Daily Press

Title: Daily Press
Available online: 11 January 1898 - 22 December 1910 (2164 issues)

Place of publication: Newport News, VA

Founded in Newport News in 1896 as a four-page penny newspaper, the Daily Press issued its first edition on January 4, less than two weeks before the General Assembly recognized the port town as a city.

Newport News had grown rapidly since 1880 when railroad magnate Collis P. Huntington had declared the port particularly "ideal for enterprise" and had extended the Chesapeake and Ohio Railway from Richmond to the Virginia Peninsula, thereby providing a new outlet for the export of West Virginia's vast resources of bituminous coal.  Ten years later, Huntington built his first dry dock in Newport News. His shipyard quickly grew into an economic goliath, with the fortunes of Newport News again following closely behind. The Daily Press, owned and edited by Charles E. Thacker, soon established itself as the primary daily morning newspaper covering the Virginia Peninsula.

Thacker edited the paper from a small print shop in the basement of the First National Bank. The maiden issue's editorial column stated, "A newspaper that pleases all of its readers cannot be found this side of Utopia. It is not expected that the Daily Press will be this rara avis of the journalistic world in this respect. The publishers will endeavor, however, to make the best paper ever published on the Peninsula — a paper worthy of the growing city of Newport News." Thacker especially promised "to espouse the right and oppose the wrong wherever found."

By 1910, the Daily Press had a circulation of 1,700--still, though, less than the afternoon daily, the Times-Herald, born of a merger between two papers. Thacker eventually sold the Daily Press to bankers Henry and George Schmelz. Three years later they in turn purchased the rival Times-Herald. The two papers thereafter shared the same presses and production staffs, but their news staffs remained separate and often fiercely competitive.

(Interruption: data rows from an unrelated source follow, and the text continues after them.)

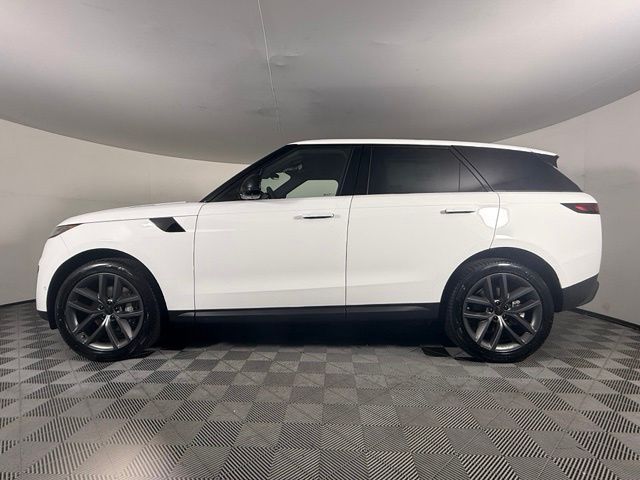 New 2026 Land Rover Range Rover Sport SE SUV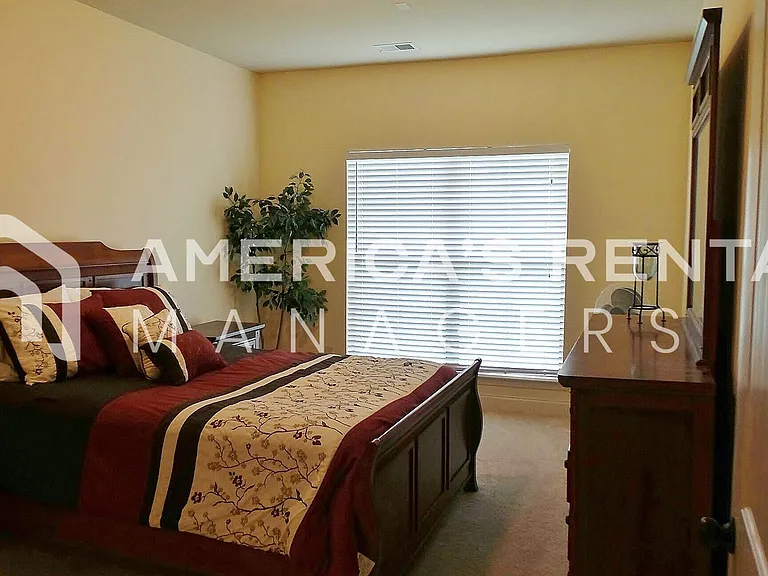 5187 Sterling Glen Dr — Photo 8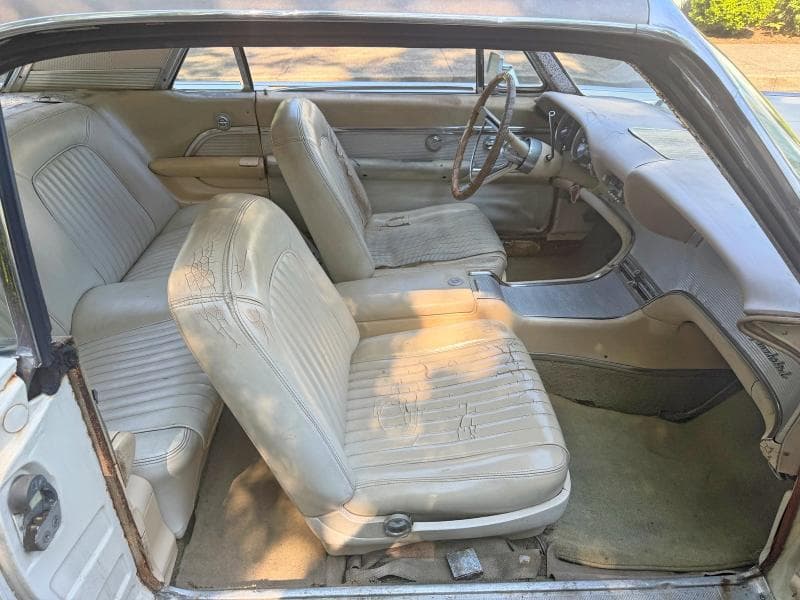 1961 FORD T-BIRD 5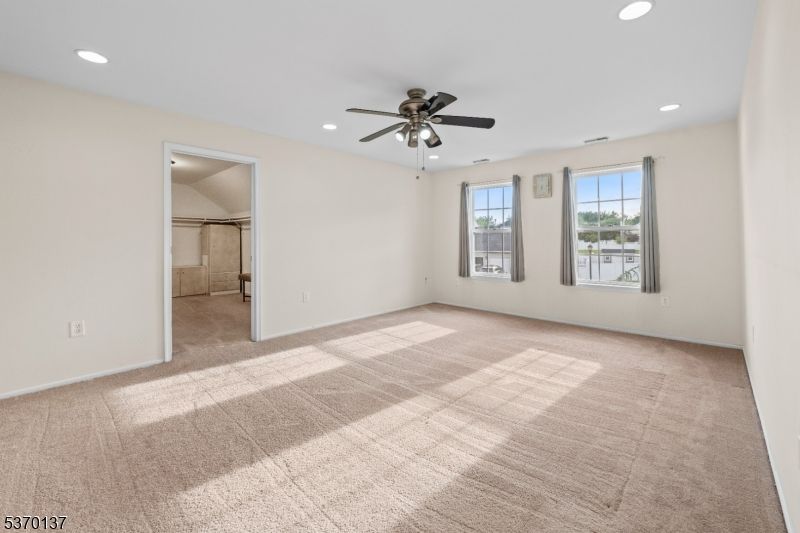 Empty room, Interior, Recessed Lighting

Ownership changed again in 1930 when William E. Rouse bought both papers. His son-in-law, Raymond B. Bottom, was elected president of the Daily Press and business manager of the publishing company in 1931. By then circulation of the Daily Press had reached 6,100. At Bottom's death in 1953, his 57-year-old widow, Dorothy Rouse Bottom, became editor. Although she began with no editorial and little business experience, she ably guided the paper for 27 years--with circulation growing from 25,810 to 58,280 during her tenure. The Bottom family continued to own the paper until 1986 when it was sold to the Chicago-based Tribune Company.

Both Dorothy Rouse Bottom and her husband helped launch the Virginia Press Association. Alumni of note for the Daily Press include Tony Snow. Editor at 27, Snow became a nationally syndicated columnist and later White House press secretary under George W. Bush. Still published today under the Tribune Company, the Daily Press has a daily circulation of more than 80,000.